Teses e dissertações: prós e contras dos formatos tradicional e alternativo

Por Lilian Nassi-Calò

A comunicação científica sofre alterações e evolui assim como a própria ciência. O artigo científico, seu formato e meios de publicação, disseminação e compartilhamento passou por significativas alterações desde o surgimento dos primeiros periódicos científicos no século XVII. A Internet, nos anos 1990, mudou drasticamente o paradigma da comunicação da ciência, evento comparável apenas à invenção da imprensa por Gutenberg em 1440, que possibilitou a disseminação dos artigos e periódicos para outras instancias, além da academia.

Dissertações e teses são monografias que constituem elementos da comunicação científica, embora seu papel principal seja demonstrar que o candidato a um título acadêmico é capaz de conduzir e comunicar pesquisa independente e original.

O editorial da edição da Nature de 7 de julho de 20161 traz um dado peculiar: “de acordo com estatísticas frequentemente citadas que deveriam ser verdadeiras, mas provavelmente não são, o número médio de pessoas que leem uma tese de doutorado do início ao fim é 1,6, e isso inclui o autor”. O texto prossegue questionando qual seria o número de teses que o pesquisador típico – e leitor da Nature – teria lido por inteiro. Segundo o editorial, possivelmente não chegaria à marca de 1,6. O volume de teses, entretanto, vai continuar a aumentar, uma vez que milhares de candidatos a títulos de mestre e doutor em todo o mundo enfrentarão este rito de passagem que é a porta de entrada para o mundo acadêmico ou o mercado profissional. O Banco de teses e dissertações da Coordenação de Aperfeiçoamento de Pessoal de Nível Superior (CAPES), órgão do Ministério da Educação, registra 901.096 documentos desde 1987 até agosto de 2016.

Tendo em vista este cenário, todos têm a ganhar se as teses e dissertações forem concisas e objetivas. Informação da maior base de dados de teses de doutorado, ProQuest, situada em Ann Arbor, Michigan, EUA, indica que o número médio de páginas de uma tese aumentou de cerca de 100 nos anos 1950 para ao redor de 200 atualmente, fato mencionado no artigo de Julie Gold na Nature2. Evidentemente, o número de páginas não é proporcional à qualidade ou originalidade do trabalho, mas, a despeito disso, é difícil conscientizar os estudantes a reduzir o volume das teses, o que as tornaria mais fáceis de escrever, ler e avaliar.

Se a tese propriamente dita tem estrutura semelhante em muitos países, há uma grande diversidade na forma como ela é avaliada e o candidato arguido. A defesa de tese, viva voce (em latim) ou defence (em inglês) tem diferentes formatos nos países. Na Holanda, a defesa conta com vários examinadores e uma breve apresentação do trabalho pelo candidato, sendo aberta ao público.

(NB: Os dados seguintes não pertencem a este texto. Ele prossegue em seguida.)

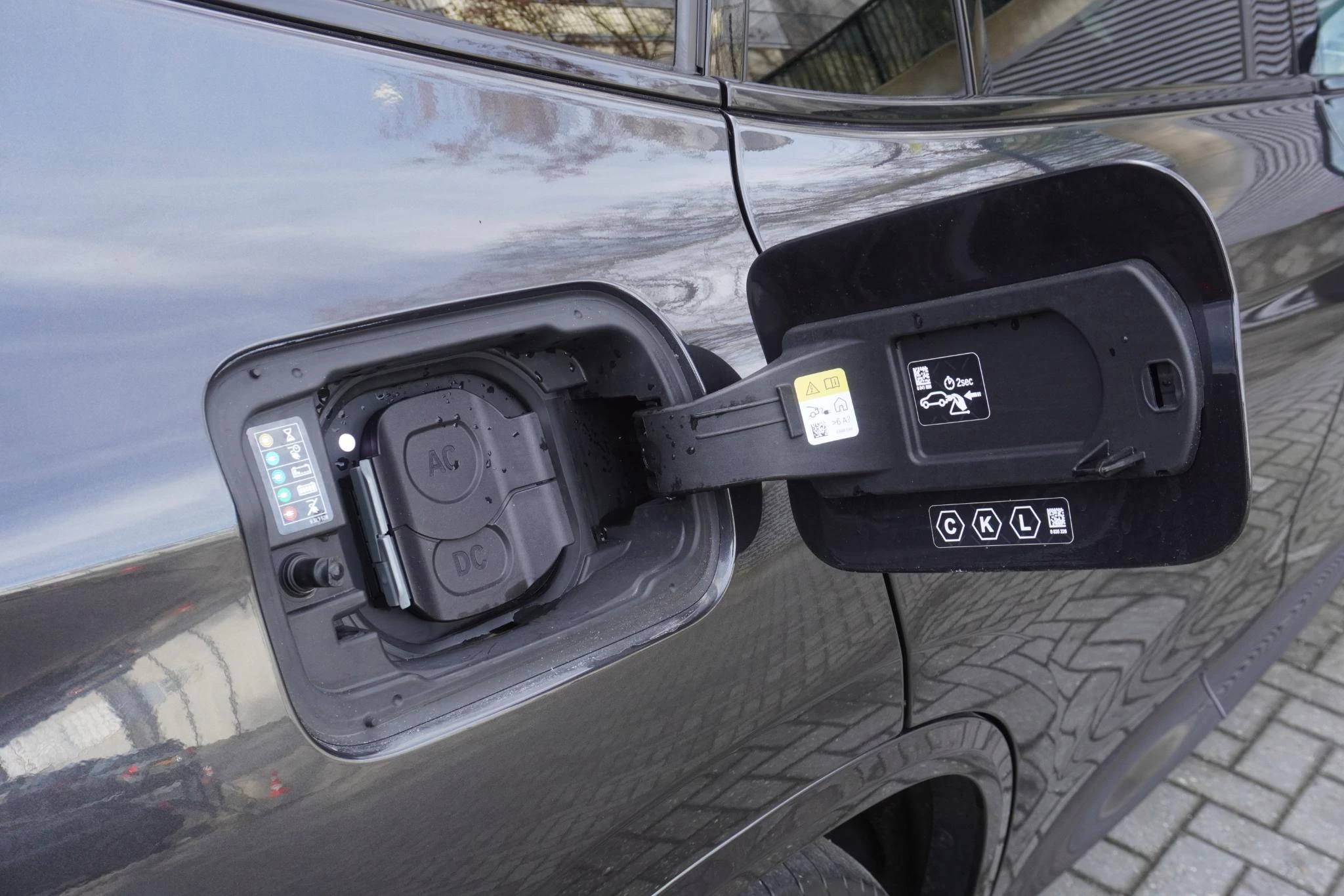 Hoofdafbeelding BMW iX3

Na Austrália, o volume impresso da tese é encaminhado aos examinadores, que fazem comentários por escrito e a retornam ao candidato. Ele ou ela fará uma apresentação mais tarde, mas esta não influirá no resultado final. No Brasil, há instituições que conduzem defesas de tese abertas ao público, outras que o fazem em uma sessão que inclui apenas o candidato, o orientador e a banca examinadora.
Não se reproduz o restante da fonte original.